И это искусство не оплакивает мертвых, оно помогает живым понять, что не нужно множить зло.
Картина из этикетки с консервной банки
Энди Уорхол и культура потребления
Не будем множить зло — будем получать удовольствия. Примерно под таким девизом существовал поп-арт. Пока одни художники страдали над абстрактными полотнами, художники вроде Энди Уорхола рисовали новую картинку счастья.
Америка меньше других стран выдохлась во время Второй мировой, а потому после войны страну захлестнул бум потребления. Яркий с леденцовыми бликами кабриолет стал воплощением американской мечты. Стиральная машина и холодильник, тостер и телевизор и бесконечная реклама все новых и новых материальных благ. Поэтому поп-арт не утруждал себя придумыванием оригинальных образов.
Энди Уорхол, например, взял банку супа «Кэмпбелл» буквально с полки супермаркета и сделал из этого изображения картину. А потом и вовсе отказался от ручного труда и стал печатать свои работы на станке. Если все вокруг что-то производят и потребляют, почему бы не сделать из искусства бизнес-машину?
«Карикатуры» на известные картины
«Лондонская школа» и послевоенный мир
А вот по другую сторону океана, в туманном Лондоне, художников меньше всего заботило, что человек ест и на чем ездит на работу. Фрэнсиса Бэкона, Люсьена Фрейда и других живописцев так называемой лондонской школы интересовало человеческое тело, но не как потребителя, а как создание, которое в любой момент может исчезнуть под лопастями очередной жестокой войны. На этих полотнах даже самые сильные, властные и могущественные существа дрожат от страха перед новым миром.
Например, у Фрэнсиса Бэкона есть полотно «Кричащий папа», созданное по мотивам «Портрета папы Иннокентия X» кисти великого испанского художника XVII века Диего Веласкеса. Только Бэкон лишает Иннокентия X спокойствия и заставляет его кричать. О чем? О том, как страшно жить, конечно.

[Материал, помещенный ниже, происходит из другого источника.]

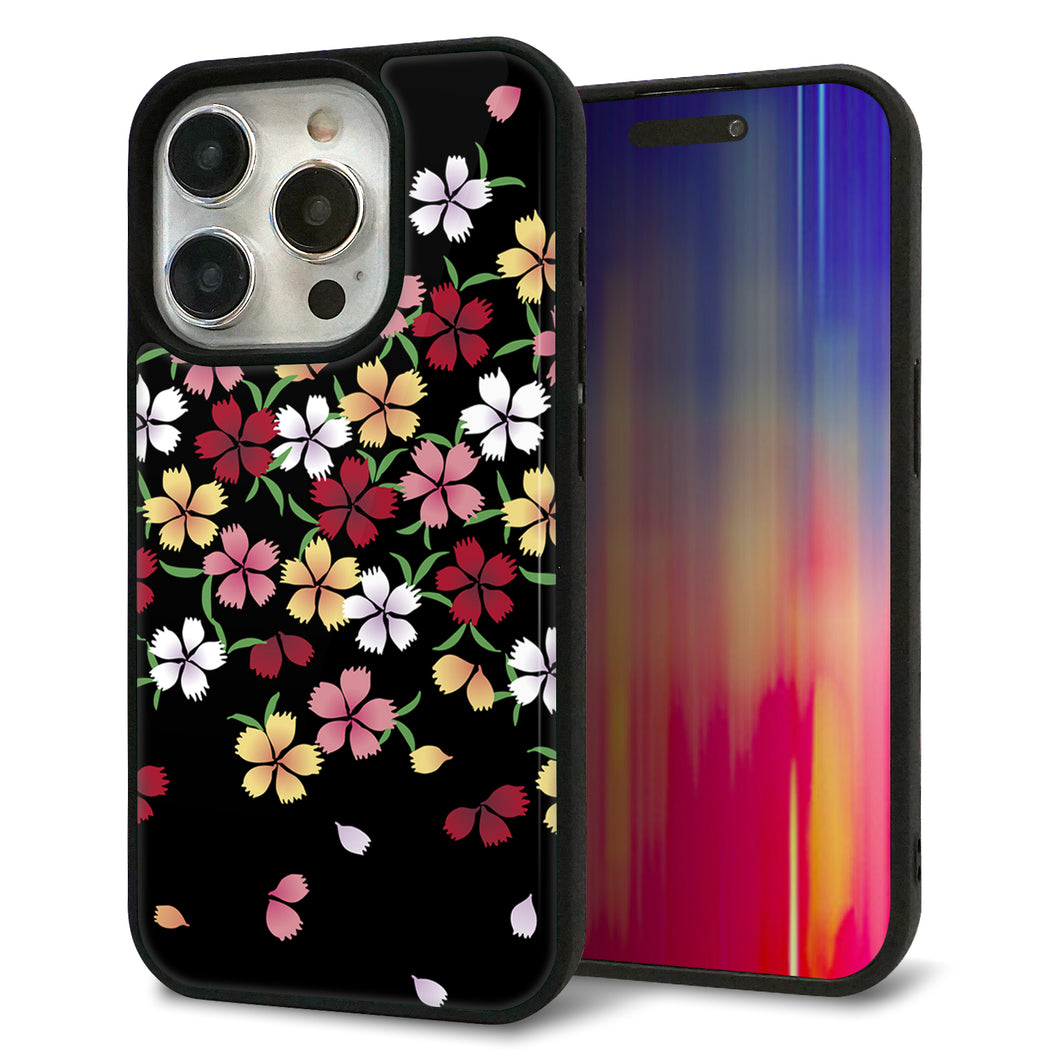 iPhone15 Pro 強化ガラス＆TPUスマホケース ガラプリ【YJ323 和柄 なでしこ】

Скульптуры, изъеденные червями
Братья Чепмены и эпоха соцсетей
За недавним пожаром в Нотр-Даме следили миллионы людей по всему миру. И пусть многие из них никогда не видели собор вживую, у них была возможность наблюдать за его смертью в прямом эфире.
Соцсети и круглосуточное ТВ-вещание сделали любую трагедию близкой, и сегодня нас уже не удивишь фотографиями авиакатастрофы или видео с места теракта. Кровь и мясо, которые преследовали в кошмарах всякого, кто побывал на войне, сегодня — безобразная, но привычная картинка.
Художники вроде братьев Чепменов приносят это безобразие в музеи, вызывая негодование у любителей Рафаэля и Ван Гога. Да, скульптуры людей, изъеденных мухами и червями, не могут вызвать эстетического восторга. Но они снова и снова напоминают нам: человек смертен, и внезапно смертен, и часто — по чьей-то чужой, жестокой и бессмысленной воле.